PROBLEM TO SOLVE >> Leaving out the pictures, return word for word the stretch of entries below from the line holding "A Precautionary Tale" through the line holding "赠刘子服兼呈菊老（明·林鸿）释义及解释".

EXCERPTED DATA >>
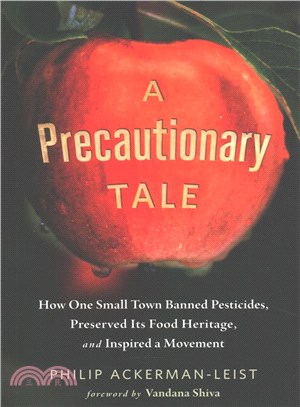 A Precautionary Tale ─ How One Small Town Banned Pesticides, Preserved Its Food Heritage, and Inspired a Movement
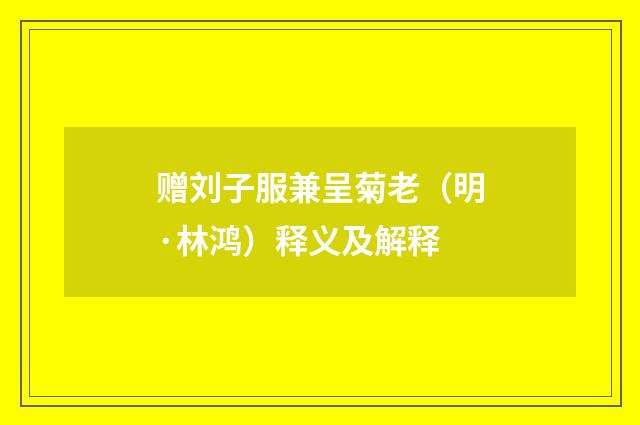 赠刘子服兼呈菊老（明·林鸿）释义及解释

---

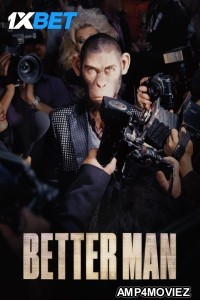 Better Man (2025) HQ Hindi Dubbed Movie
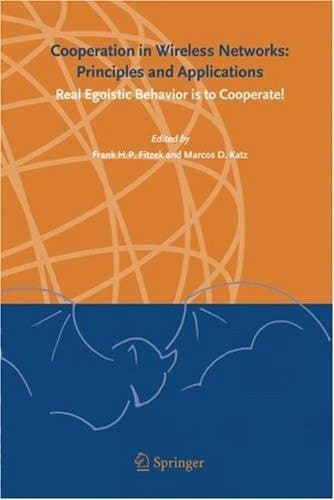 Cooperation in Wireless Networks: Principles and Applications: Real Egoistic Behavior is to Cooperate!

TASK RESPONSE >>
 A Precautionary Tale ─ How One Small Town Banned Pesticides, Preserved Its Food Heritage, and Inspired a Movement
 赠刘子服兼呈菊老（明·林鸿）释义及解释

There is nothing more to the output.